Moulds can produce anything up to 50mms. Taking an average of twenty-one seconds to complete one cycle, which produces four pieces at a time, these machines provide a feature of instant gratification not afforded by our slower, rotating beasts.

To simplify it, that’s 24 pieces every minute, or 1440 pieces in just an hour!

Some of these considerations are vast, others more straight-forward. They can include clamp pressure, injection speed, injection velocity, material dosage, timing for holding and injecting, and more. These are intricately aligned to melt, mould and solidify each perfectly uniform part in short increments.

Additionally, the manual machines require hands-on action to turn the levers which push and pull the machine parts to function the moulds. Should anything go poorly, the machine will automatically stop operations after 26 seconds.

“I’ve only did it once in my 30 years…. you just have to muck around with it a bit.”

– Alan McMechan, 2021.

While this is clearly not a common event for our experts at Jamac, it is something us newbies at Rotadyne are definitely wary of. On the manual machines, it is also important to ensure the moulds are perfect aligned as they clamp shut, or the mould can get clogged or damaged.

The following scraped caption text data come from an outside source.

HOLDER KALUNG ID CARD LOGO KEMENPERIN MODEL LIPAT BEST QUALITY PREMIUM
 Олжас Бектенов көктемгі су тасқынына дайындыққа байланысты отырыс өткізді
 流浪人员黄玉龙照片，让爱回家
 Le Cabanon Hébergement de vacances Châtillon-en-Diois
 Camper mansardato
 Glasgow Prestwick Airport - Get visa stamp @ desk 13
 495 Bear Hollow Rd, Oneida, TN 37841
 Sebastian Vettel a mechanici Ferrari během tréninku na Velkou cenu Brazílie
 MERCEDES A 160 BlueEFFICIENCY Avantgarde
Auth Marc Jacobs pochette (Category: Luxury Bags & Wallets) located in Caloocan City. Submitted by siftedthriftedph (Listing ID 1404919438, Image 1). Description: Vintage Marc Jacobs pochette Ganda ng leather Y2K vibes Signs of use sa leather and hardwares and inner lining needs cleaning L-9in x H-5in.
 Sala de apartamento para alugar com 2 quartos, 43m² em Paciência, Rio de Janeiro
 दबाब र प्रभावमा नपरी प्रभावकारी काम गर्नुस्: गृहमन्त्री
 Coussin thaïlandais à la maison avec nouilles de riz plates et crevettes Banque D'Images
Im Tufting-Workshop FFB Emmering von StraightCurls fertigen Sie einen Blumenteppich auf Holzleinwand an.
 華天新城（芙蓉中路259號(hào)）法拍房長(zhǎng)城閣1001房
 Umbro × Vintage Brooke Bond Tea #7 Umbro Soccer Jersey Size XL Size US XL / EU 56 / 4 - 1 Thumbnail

Perhaps only one minor mishap in 30 years will be a hard record to beat, but thanks to the amazing instructions and expertise passed down from Alan to our own workers, as well as the optimal condition of the machines themselves, we are confident we can live up to the legacy which comes with JAMAC’s outstanding reputation and success!



Newly adopted skills and capabilities comes a new range of possibilities for manufacturing solutions, and facilitates the sourcing of manufacturing services. Rotadyne is increasingly becoming a one-stop-shop for design and manufacturing, with multiple processes now available under one roof.

Injection moulding expands the possibilities for what Rotadyne can offer to clients. Whether that includes the production of smaller parts at high volume, or whether it is used in complimentary manners for product components, injection moulding certainly offers us a larger infinity of customization and imagination.

The collaboration between Alan, as a wealth of industry knowledge and experience, with Rotadyne’s production foundations and history with development and adaptation, this partnership will truly set our sights for the stars.

Injection moulding for JAMAC has mostly included heating applications within the pool and spa industry, however they have also produced electrical components, parts for clothing applications and even jewelry boxes.

Rotadyne will continue all active productions and are also hoping to take on new projects, particularly those which call for innovation and worldly impact, or which require an assortment of manufacturing techniques and methodologies to complete.

Our arsenal of capabilities expands with each year, providing us confidence that we will not only adapt to this undertaking of responsibilities, but also thrive with the plethora of opportunities injection moulding offers us as a business and as designers and engineers.



Whilst we may be rotational moulders at heart, we love all sorts of moulds, rotational or otherwise. This is the beginning of us embrace the diversity within the plastic industry, which offers us incomparable flexibility and customisation in design like no other manufacturing process or material does.